___ Supplied records

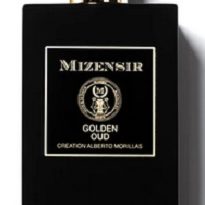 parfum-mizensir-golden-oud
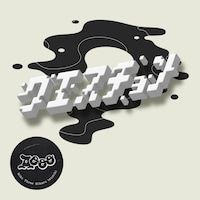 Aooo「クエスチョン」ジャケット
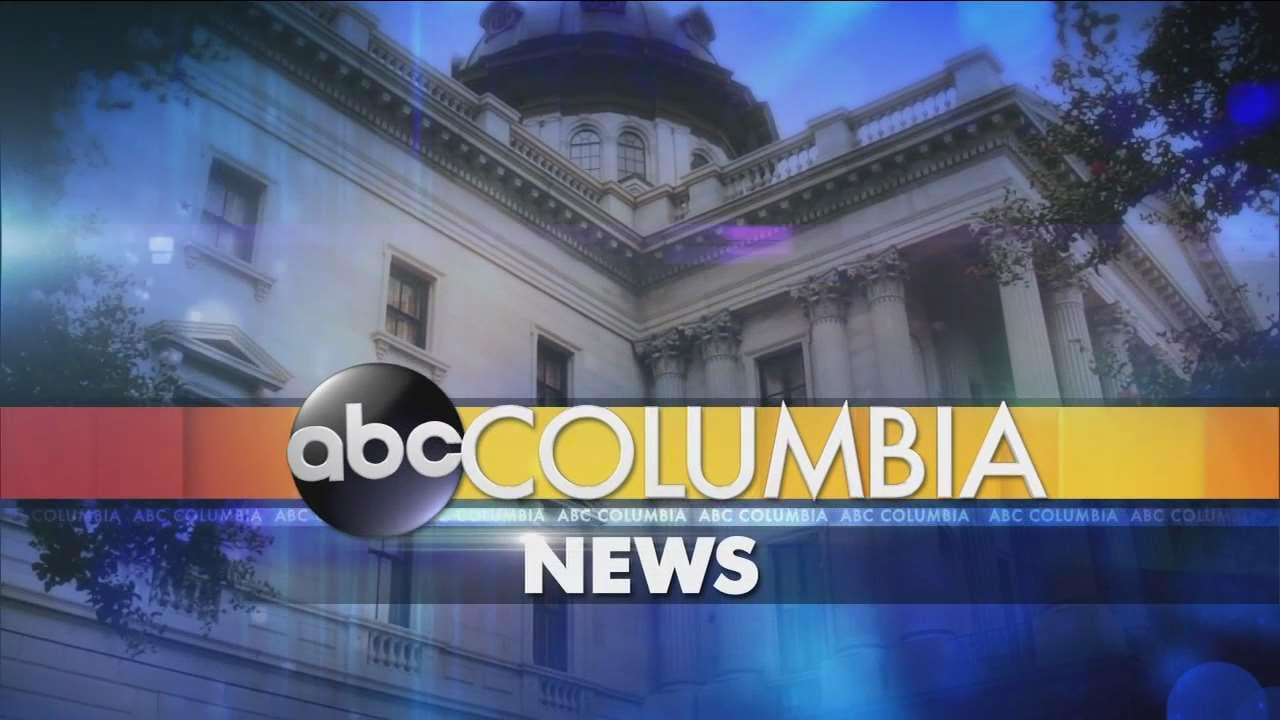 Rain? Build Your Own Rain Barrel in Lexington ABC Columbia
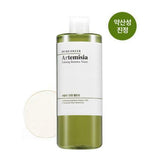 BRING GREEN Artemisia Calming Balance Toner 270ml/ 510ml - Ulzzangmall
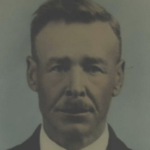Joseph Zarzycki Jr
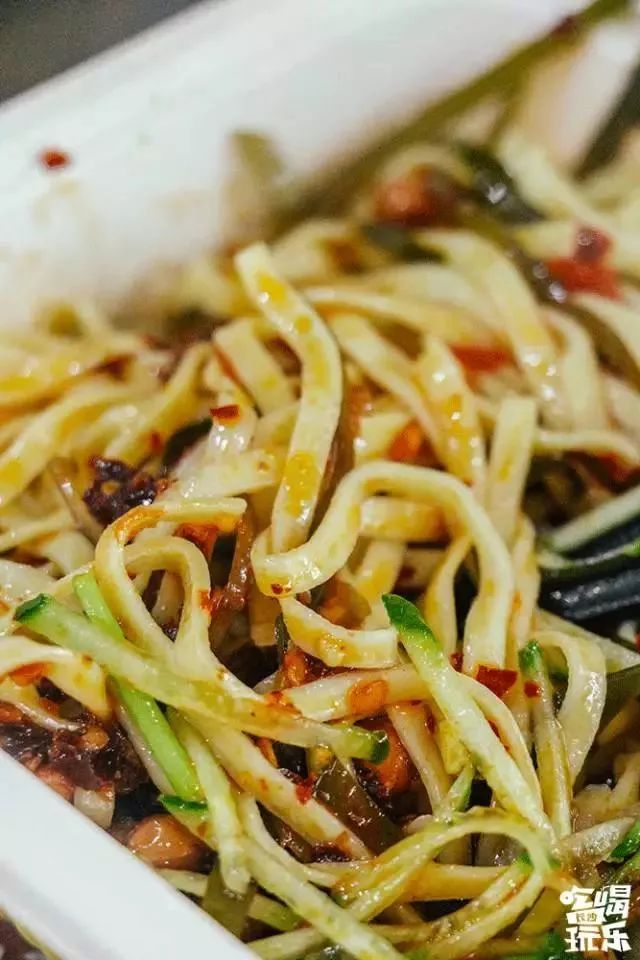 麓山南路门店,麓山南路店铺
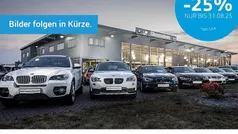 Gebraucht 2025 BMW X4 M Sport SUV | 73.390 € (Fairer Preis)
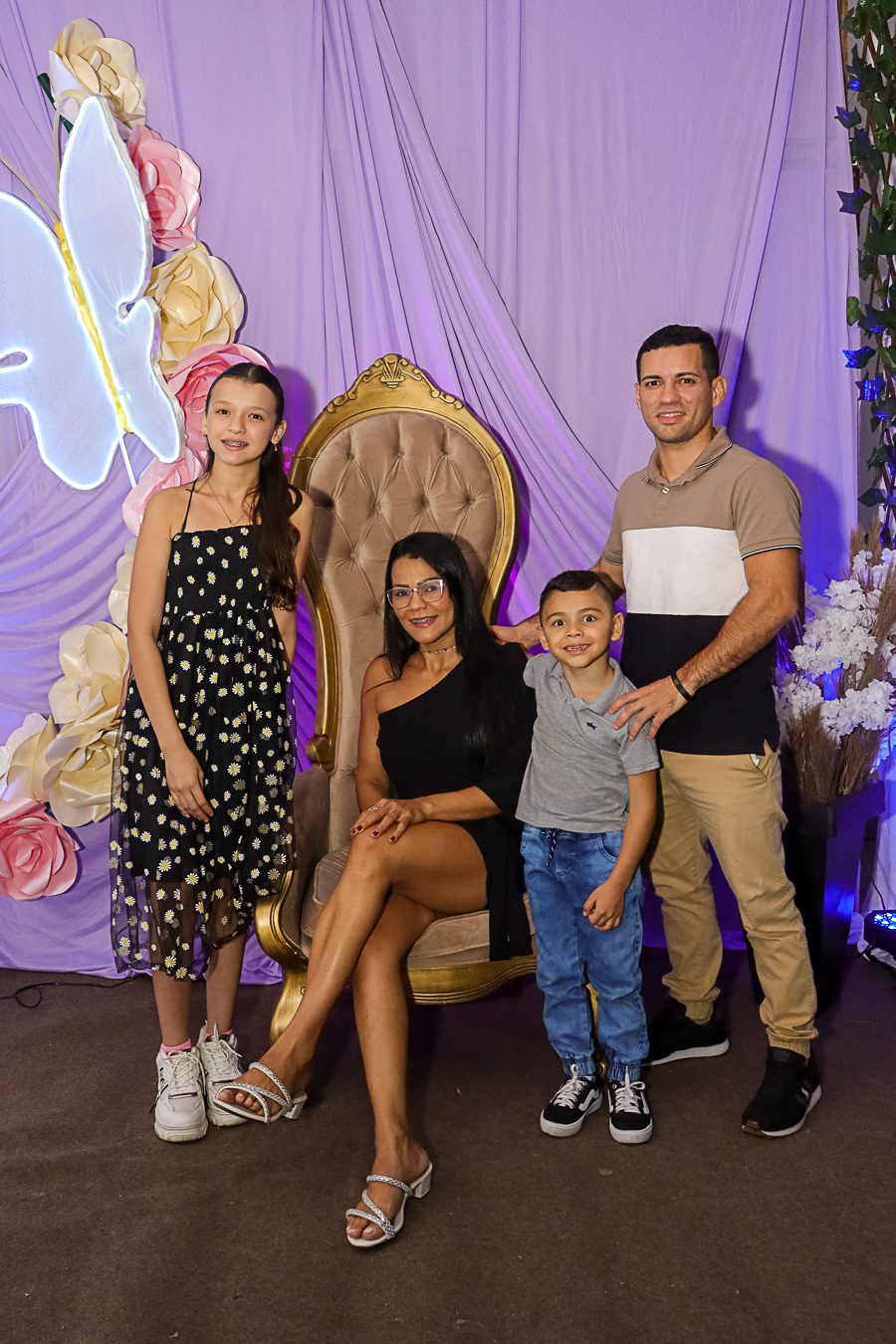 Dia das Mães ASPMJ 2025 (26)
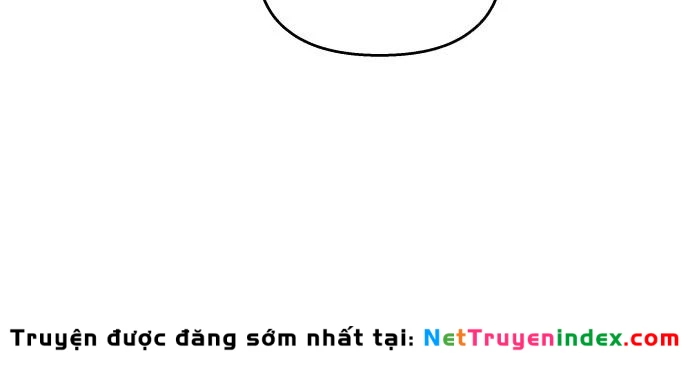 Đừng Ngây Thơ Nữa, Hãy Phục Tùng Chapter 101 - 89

______
___ Supplied records

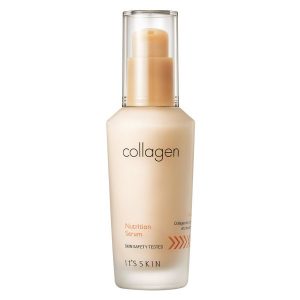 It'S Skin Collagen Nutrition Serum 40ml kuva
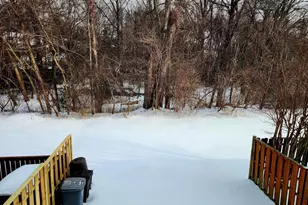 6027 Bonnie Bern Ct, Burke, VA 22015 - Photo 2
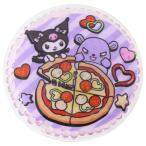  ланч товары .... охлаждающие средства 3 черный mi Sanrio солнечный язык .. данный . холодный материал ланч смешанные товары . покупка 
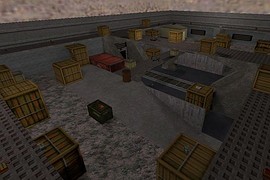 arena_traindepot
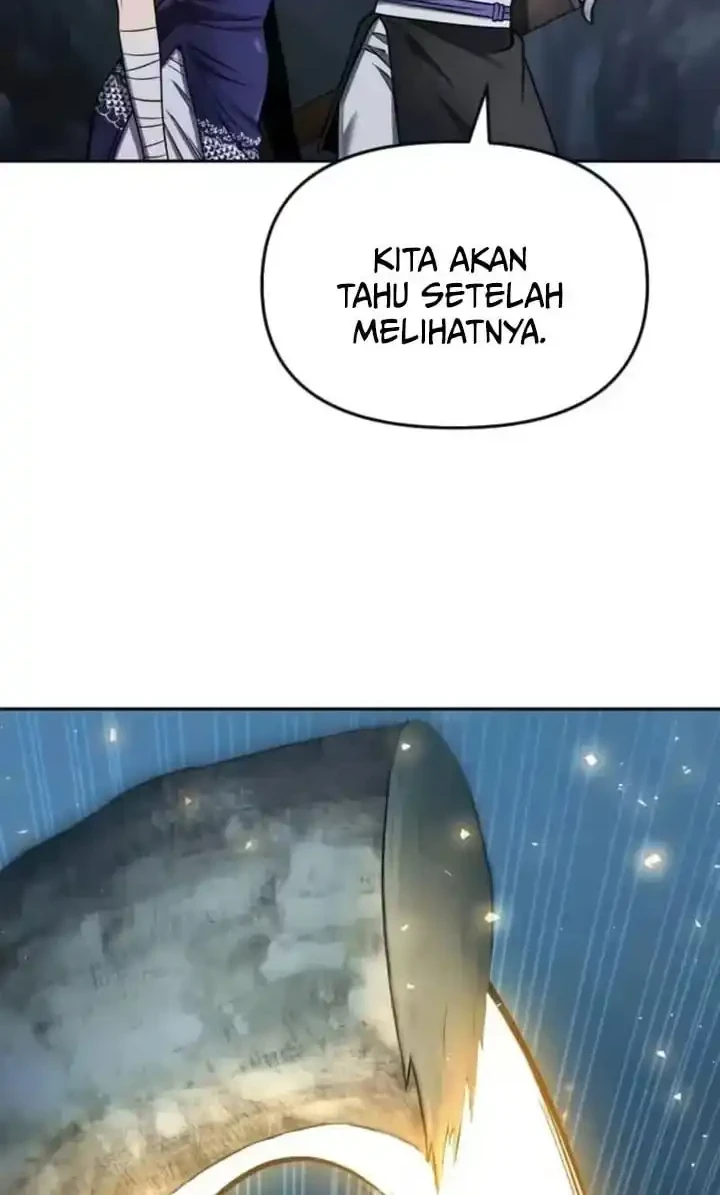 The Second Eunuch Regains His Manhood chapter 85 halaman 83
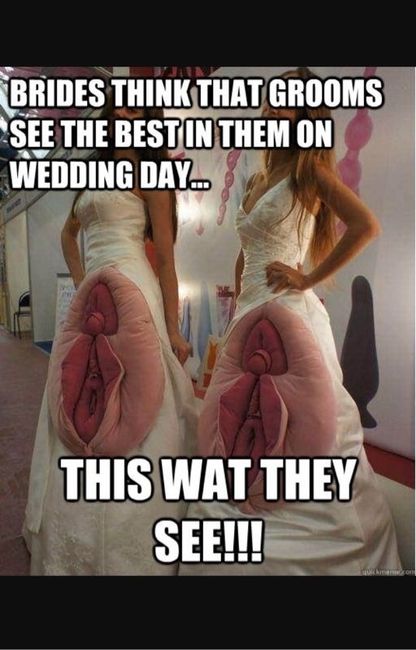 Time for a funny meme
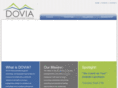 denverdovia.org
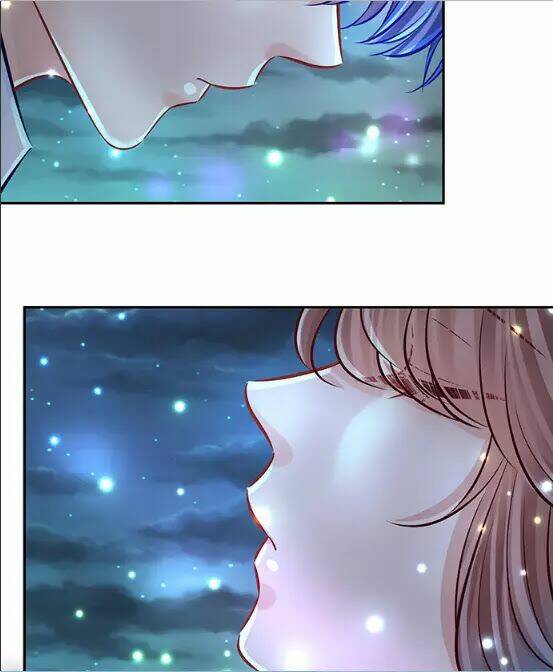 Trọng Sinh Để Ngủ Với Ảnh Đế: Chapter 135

______

Output should consist of the lines above from the one with "parfum-mizensir-golden-oud" down to the one with "Đừng Ngây Thơ", exact and without pictures.

 parfum-mizensir-golden-oud
 Aooo「クエスチョン」ジャケット
 Rain? Build Your Own Rain Barrel in Lexington ABC Columbia
 BRING GREEN Artemisia Calming Balance Toner 270ml/ 510ml - Ulzzangmall
Joseph Zarzycki Jr
 麓山南路门店,麓山南路店铺
 Gebraucht 2025 BMW X4 M Sport SUV | 73.390 € (Fairer Preis)
 Dia das Mães ASPMJ 2025 (26)
 Đừng Ngây Thơ Nữa, Hãy Phục Tùng Chapter 101 - 89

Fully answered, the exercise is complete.